Nocturne faustien bears the legacy of Ozenfant’s early commitment to Purism—a movement he co-founded with Le Corbusier in the wake of the First World War. Their manifesto Après le Cubisme (1918), and the journal L’Esprit Nouveau (1920-25), championed an art of rational form and clarity inspired by industrial design and scientific optimism. By the late 1920s, however, Ozenfant had begun to move beyond Purism’s doctrinaire rigor toward a more speculative visual language attuned to spiritual and cosmological questions.
In Nocturne faustien, he transforms Purist discipline into a theatre of metaphysical inquiry. The composition unites coiled tubing, distillation flasks, a telescope-like cylinder, a luminous globe and scattered stars. At its center, a glass vessel shelters a tiny embryonic figure—an unmistakable reference to Goethe’s Faust II, in which the Homunculus is created in a laboratory. This allusion, underscored by the work’s alternate title Nocturne Goethien, frames the scene as both modern experiment and timeless allegory.
While the painting’s compositional rigor recalls his Purist past, its imagery introduces new layers of ambiguity. The gleaming coils and glass spheres function simultaneously as laboratory instruments and cosmic symbols, evoking both scientific transformation and eternal recurrence. The looping distillation tube suggests chemical processes and the ouroboric cycle of rebirth, binding rational order to metaphysical meaning. Suspended in a dark sky, these instruments appear weightless, intersected by a diagonal beam of light that unites the empirical with the celestial.
In this balanced system, Ozenfant stages the Faustian act of creation as a modern allegory of artistic experiment—the painter as scientist. His union of mechanical clarity and visionary subject matter situates him within a broader current of late Purist experimentation: between 1927 and 1930, artists such as Jean Metzinger, Marcelle Cahn and Fernand Léger began to incorporate cosmological and alchemical references into their work, transforming the rationalism of Purism into a more poetic visual language. Ozenfant’s exploration of this new symbolic geometry resonates with contemporaries such as Victor Servranckx and László Moholy-Nagy, who likewise translated the vocabulary of machinery and optics into a modern visual poetry, as seen in works like Servranckx’s Opus 57, which reimagines industrial architecture as rhythmic abstraction, and Moholy-Nagy’s Photograms, where light itself becomes a creative instrument.

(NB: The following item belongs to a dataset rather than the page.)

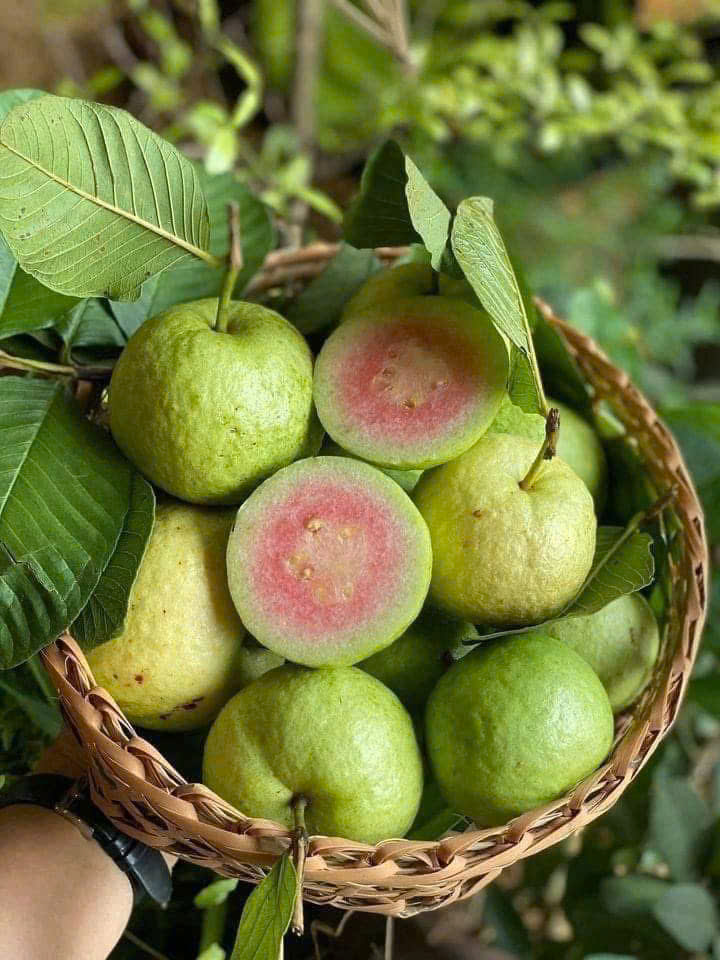 ỔI RUBY RUỘT ĐỎ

The scientific imagery in Nocturne faustien reflects the spirit of discovery that defined the late 1920s, when astronomy and quantum physics were reshaping humanity’s vision of the cosmos. For Ozenfant—whose Purist doctrine had already likened painting to “a laboratory of forms”—science provided both method and metaphor: a disciplined pursuit of order through observation. As Françoise Ducros notes, he belonged to “a generation seeking a spiritual response opposed to the rise of materialism brought on by growing industrialization and scientific progress… aware that this new scientific idolatry probably would bring no answers to human distress” (Amédée Ozenfant, Paris, 2002, p. 133).
In Nocturne faustien, scientific imagery becomes a metaphor for creation itself. The laboratory setting—glass, light, and calibrated form—echoes visual languages emerging from photography and scientific illustration in the late 1920s. Fascinated by photography’s ability to reveal hidden structures within the ordinary, Ozenfant saw it as a parallel to painting’s analytical power. Photography, he observed, allowed him “to rediscover in reality the visual expression of verticals, horizontals, curves, and their neutralization,” creating a “plastic system” that revealed the world’s underlying forces and their effects on humanity (ibid., pp. 133-37).
Ozenfant’s work thus aligns with the broader current of réalisme magique—the “spiritual rationalism” of the interwar years that sought to reconcile technological progress with metaphysical inquiry. In Nocturne faustien, the laboratory becomes a cosmos in miniature; its glass vessels and beams of light serve not as instruments of experiment but of revelation.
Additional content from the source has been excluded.